Hart and Sacks, THE LEGAL PROCESS (Eskridge & Frickey ed. 1994), p. 1169. Preventing one person from shooting at another person is a plain purpose of Ohio Revised Code § 2923.161, but “into” cannot be stretched to cover “inside,” as Nash and Moorer hold. The precise evil at which Ohio Revised Code § 2923.161 is directed is unknown. The Court has not been favored with any legislative history. There is some suggestion it was intended to deal with the phenomenon of drive-by shootings, but the statute is not limited to shootings from cars. Petitioner suggests no purposive line between a shooting into a habitation from entirely outside the building and a shooting into a habitation from inside an attached garage. Because the language of the statute is broad enough to cover what Breeding did, the Court should interpret the statute to cover his conduct because preventing that conduct comes well within the purpose of the statute. The Petition should therefore be dismissed on the merits. Having reached the merits, the Court need not decide the statute of limitations or procedural default defenses. Briefly, however, the undersigned notes that only a finding of actual innocence could save the Petition from either the limitations or procedural default defense. Actual innocence means factual innocence, not legal innocence. Bousley v. United States, 523 U.S. 614 (1998). Proof of actual innocence requires submission of new evidence. McQuiggin v. Perkins, 569 U.S. 383 (2013). Petitioner has submitted no new evidence at all. Conclusion
Based on the foregoing analysis, the Magistrate Judge respectfully recommends the Petition be dismissed with prejudice. Because the Petition presents a novel question of interpretation of Ohio law with which reasonable jurists could disagree, it is also recommended
that Petitioner be granted a certificate of appealability on the questions whether he has presented (1) a cognizable claim of insufficiency of the evidence and (2) whether he has presented a cognizable claim of actual innocence to excuse his untimeliness and procedural default.

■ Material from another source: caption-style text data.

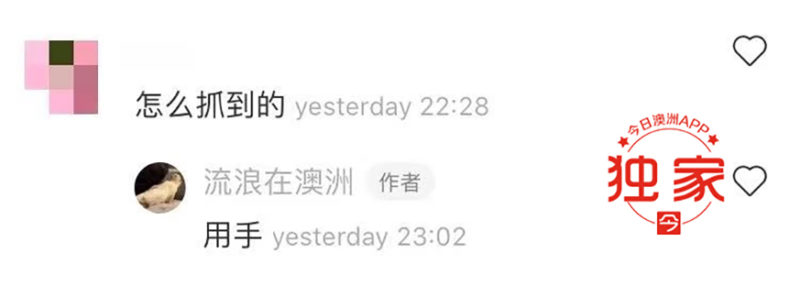 网曝中国大妈澳洲CBD“溜鸽子”,给鸽子拴绳狂飞,被批“满世界丢人”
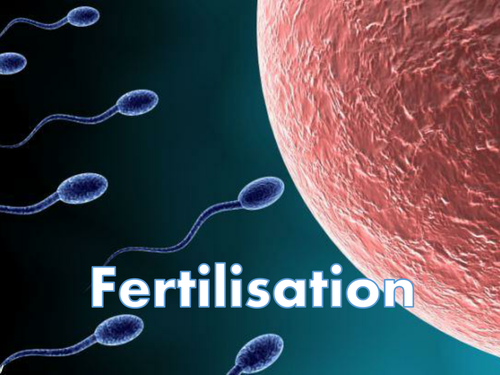 Internal and External Fertilisation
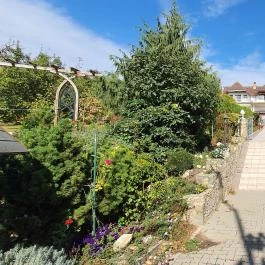 Szent Orbán Kisvendéglő, Velence - Egyéb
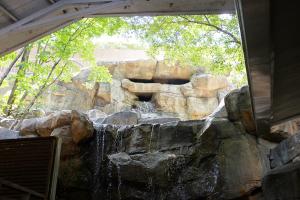  하계대성회 넷째날 (둘러보기)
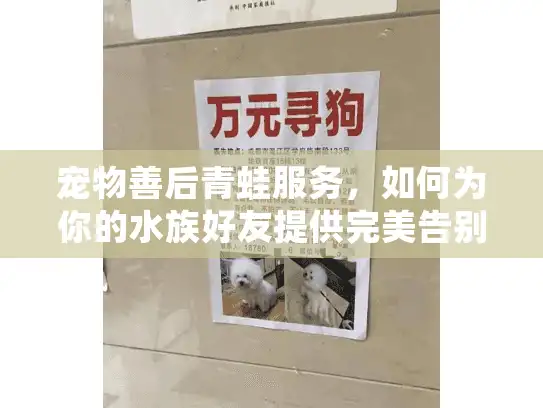 宠物善后青蛙服务，如何为你的水族好友提供完美告别？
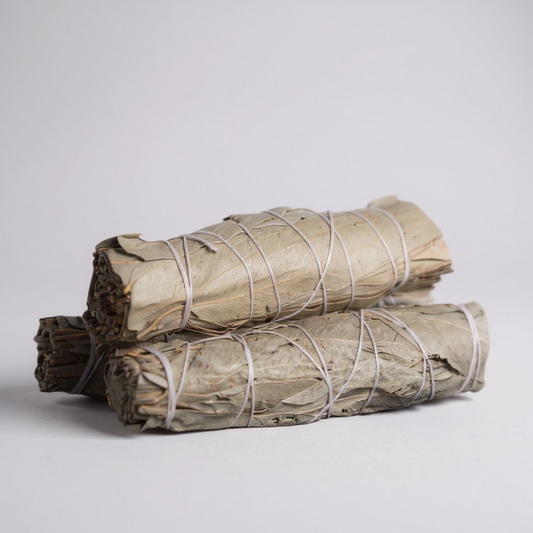 3-pack 5" Natural Eucalyptus Smudge Wands for spiritual cleansing, energy clearing, and throat chakra balance.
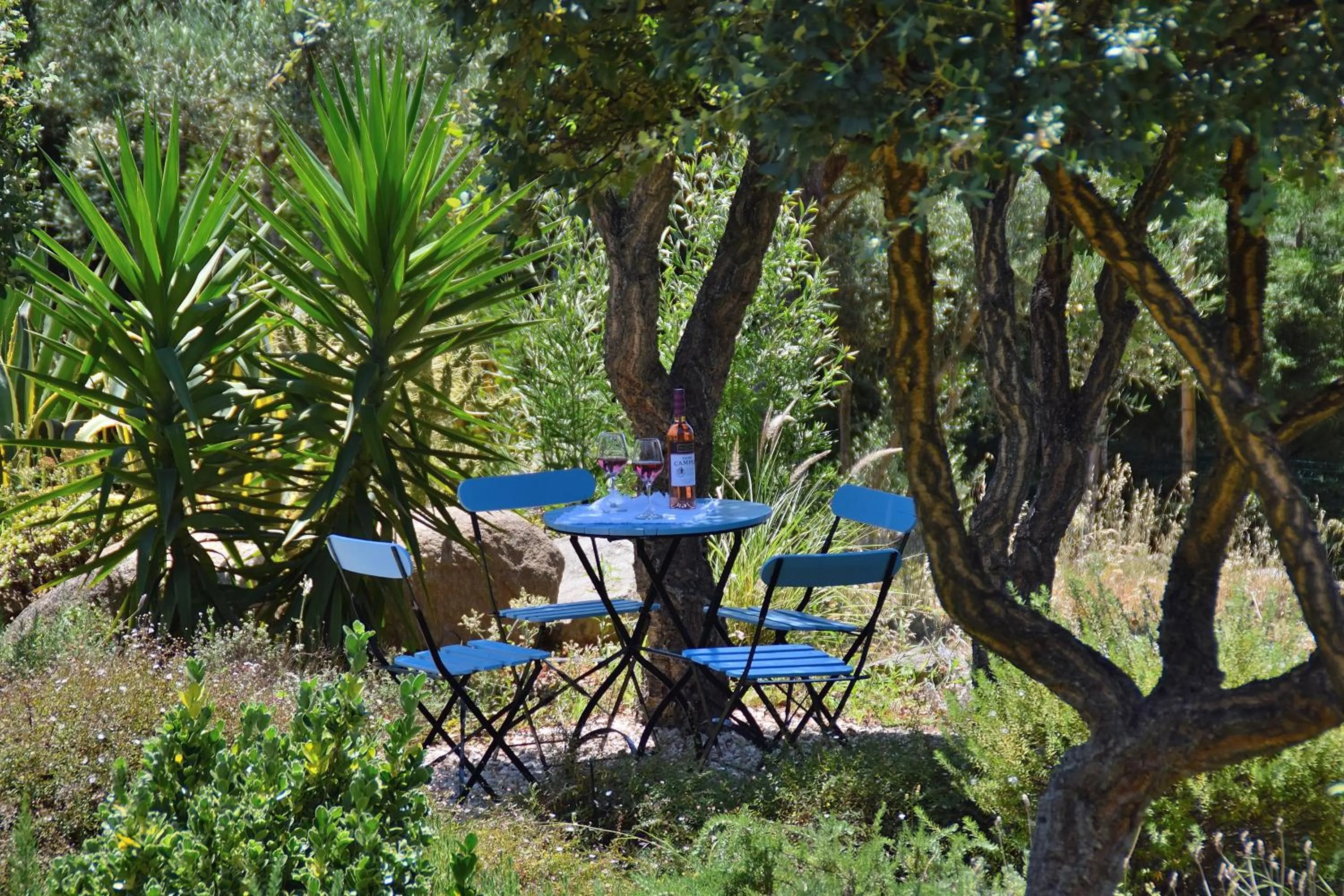Garden in Pirilampo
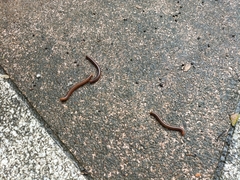 Thyropygus allevatus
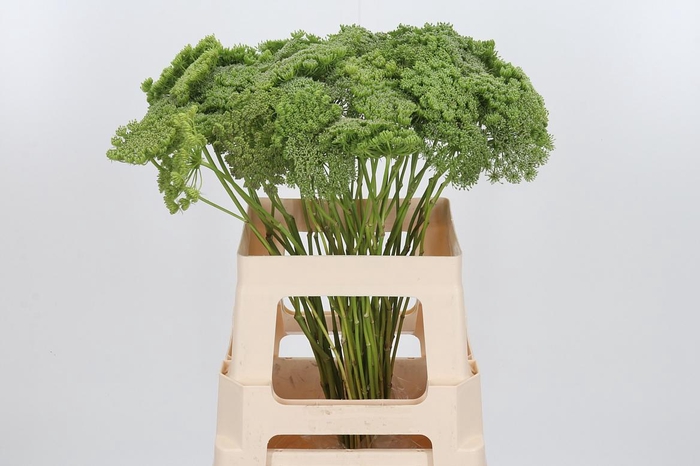 <h4>Ammi Majus Visnaga Zaad</h4>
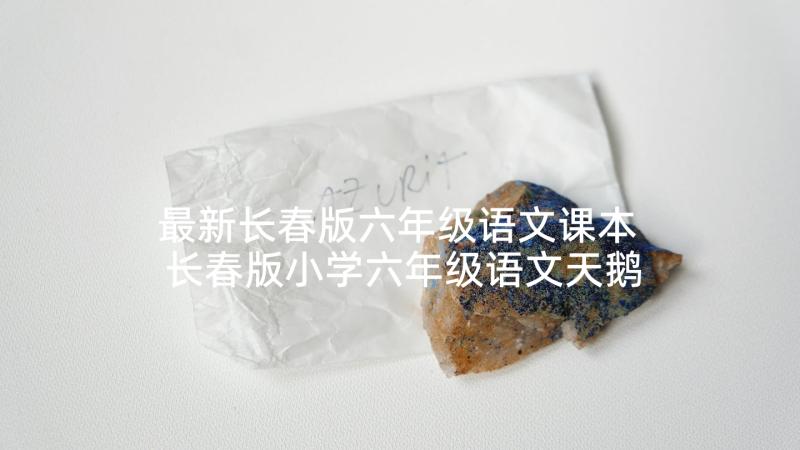 最新长春版六年级语文课本 长春版小学六年级语文天鹅教案(优质5篇)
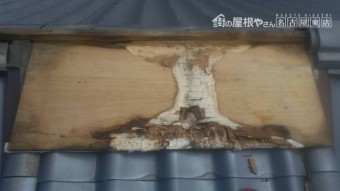 コンパネ腐食
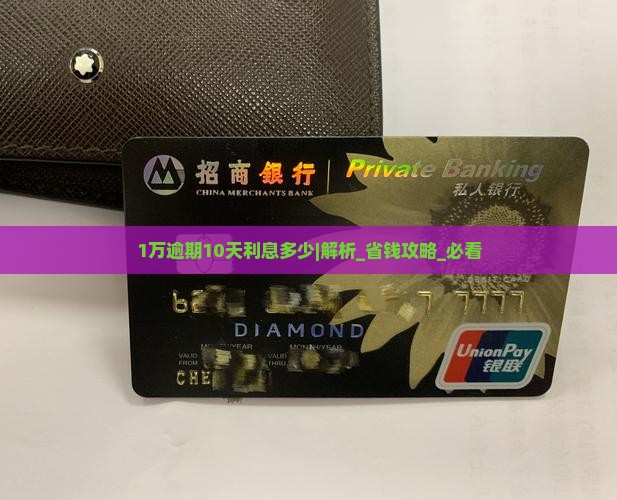 白条1万逾期10天利息多少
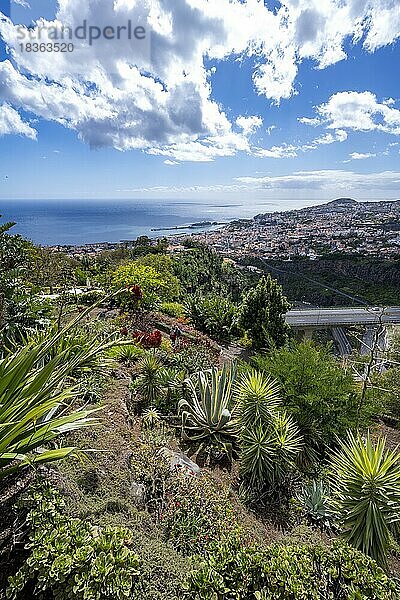 Ausblick über die Stadt Funchal  Blumen im Botanischen Garten  Jardim Botanico  Funchal  Madeira  Portugal  Europa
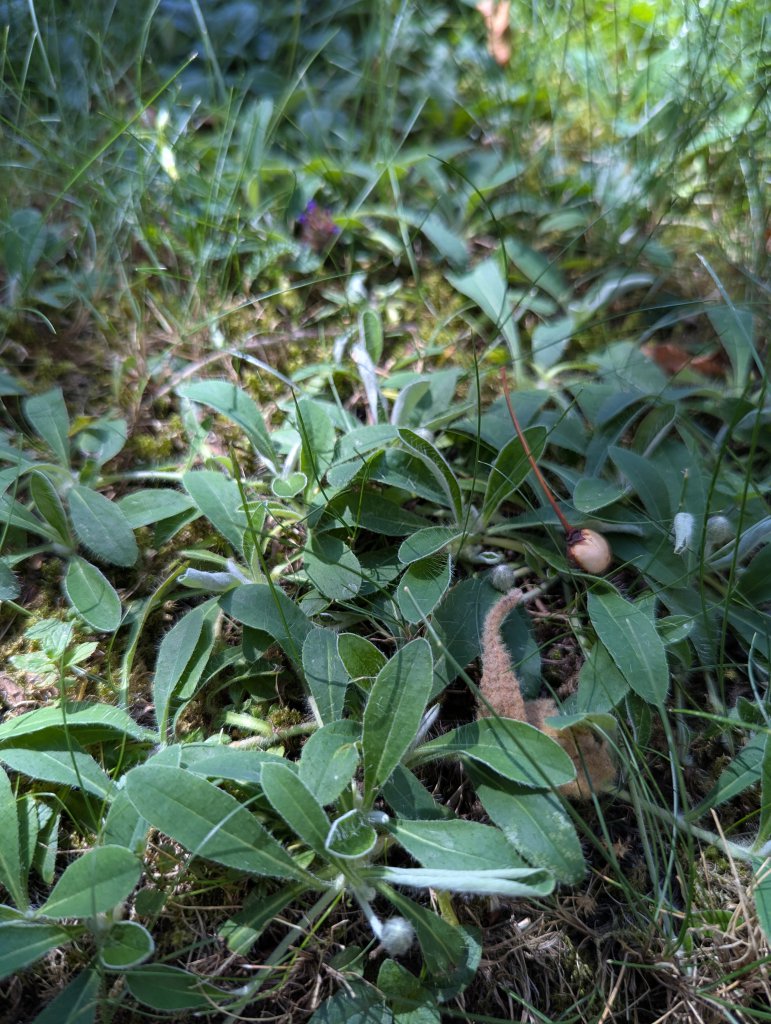 Mausohr-Habichtskräuter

July 9, 2026. s/ Michael R. Merz United States Magistrate Judge
NOTICE REGARDING OBJECTIONS
Pursuant to Fed. R. Civ. P. 72(b), any party may serve and file specific, written objections to the proposed findings and recommendations within fourteen days after being served with this Report and Recommendations. Such objections shall specify the portions of the Report objected to and shall be accompanied by a memorandum of law in support of the objections. A party may respond to another party’s objections within fourteen days after being served with a copy thereof. Failure to make objections in accordance with this procedure may forfeit rights on appeal.